J’ai passé d’excellentes années de formation au FCG, franchement. On gagnait souvent déjà. Et puis ensuite, on figurait bien sur les Championnats de France. C’est pareil en Espoirs où l’équipe arrive fréquemment à tirer son épingle du jeu. Je n’ai jamais regretté d’avoir rejoint le club, on a toujours été très bien encadrés en plus.
Geraci récemment, toi, Guillemin, Uberti, Glénat, Hulleu pour les plus récents, comment expliques-tu la capacité du FCG à aligner fréquemment des jeunes et à leur faire confiance ?
C’est vrai qu’ici on fait très vite confiance aux jeunes. Pour prendre l’exemple du demi d’ouverture Corentin Glénat, il a eu très vite l’opportunité d’entrer au centre de formation. Même si ce n’a pas toujours été facile il a été mis dans des prédispositions pour jouer et maintenant il s’affirme en PRO D2. Actuellement, il y a une dizaine d’espoirs, une quinzaine même, qui s’entraînent avec le groupe professionnel. Tu progresses donc plus vite, le niveau global de l’équipe Espoir monte et ça paie. Après sur mon cas personnel, celui que je connais le mieux, j’ai pu remarquer que c’est dans la culture du club de faire jouer les jeunes et les anciens nous accompagnent énormément, avant les matchs, après… L’environnement est propice pour s’épanouir.
En mai dernier, alors que Grenoble est en pleine opération maintien, tu découvres le Top 14 en jouant vingt minutes à Pau. Tu t’y attendais ?
Non, ce n’était pas vraiment prévu que je joue en Top 14 la saison passée. En fait, je m’entraînais déjà avec eux de temps en temps et sinon je jouais en Espoirs, principalement à la mêlée d’ailleurs. On avait joué notre dernier match de la saison et le lendemain j’ai intégré le groupe pro car il y avait eu deux blessures au poste. Il restait trois matchs de championnat et ça c’est fait ainsi. Ce n'était pas prévu au planning que je joue en Top 14 (rires).

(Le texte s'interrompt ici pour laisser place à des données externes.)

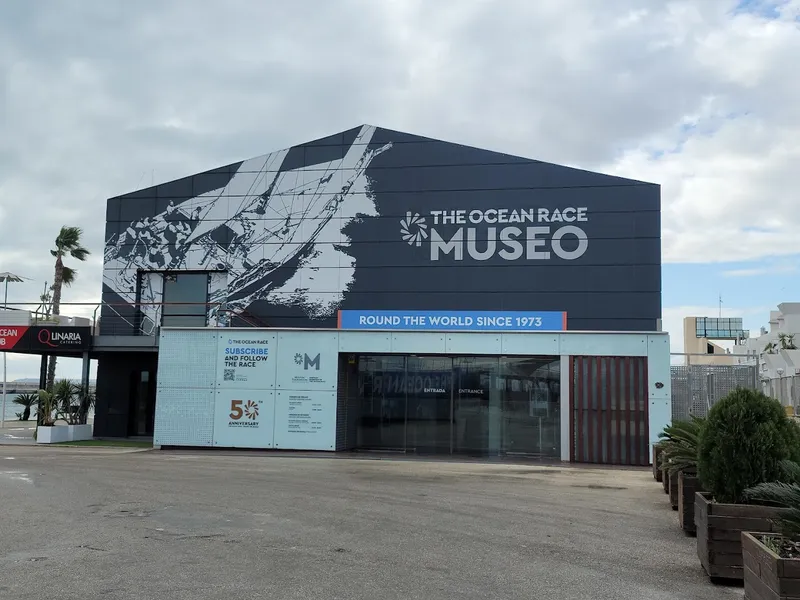 Museo The Ocean Race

Quel souvenir en gardes-tu ?
J’avais le trac bien sûr mais la pression s’est évacuée dès que le coup d’envoi a été donné. Et puis on est très bien encadrés par des joueurs d’expérience donc c’est plus facile. Sur ce match à Pau, il n’y avait pas énormément d’intensité, honnêtement. Par rapport au niveau Espoir, dans les contacts, d’abord ça n’a rien à voir bien sûr. Sur la vitesse d’exécution, la technique ça va plus vite. Mais sur la vitesse pure et dure du jeu, j’ai trouvé que c’était pas franchement différent, il y a plus d’arrêts de jeu en Top 14 qu’en Espoirs, donc tu peux récupérer. En revanche, j’ai remarqué un truc, c’est bête à dire (rires) mais en U22 tu as le temps, par exemple, de travailler un adversaire en deux-contre-un. En Top 14, ce n’est pas le cas. La défense revient et tu es très vite sous pression. La prise de décision doit donc être plus rapide. Mais l’adaptation se fait très vite : quand tu es entouré de joueurs plus forts, cela élève ton niveau de jeu.
Tu as un mentor dans le groupe ?
Très honnêtement, il y a quatre, cinq joueurs, les anciens plutôt, qui sont très présents, qui te conseillent. Laurent Bouchet, Lucas Dupont notamment… Lucas a été et est très présent pour moi. Même s’il est parti un moment, c’est un mec du club, très posé avec nous et il m’a vraiment rassuré sur le jeu, mes prestations, dédramatisant aussi la pression. Sur le triangle arrière, il y a Rhule, Guillemin, on discute beaucoup. C’est très important : tu n’es pas seul. Alors pour le mentor, je dirais Lucas (rires), les coachs également sont très présents.
Valentin Sese, avec qui tu as joué en Espoirs, disait que sur le terrain tu encourageais, tu haranguais souvent tes coéquipiers. Tu le fais aussi en PRO D2 ?
(rires) Moins ! C’était différent, en Espoirs, je jouais souvent à la mêlée, il fallait être présent pour les avants et pour mes coéquipiers. J’y étais plus légitime aussi car je m’entraînais avec les pros mais en PRO D2, non, ce n’est pas mon rôle d’haranguer, de donner mon avis sur la stratégie. Je n’ai clairement pas encore le statut pour. On s’encourage bien sûr, mais je reste discret (rires).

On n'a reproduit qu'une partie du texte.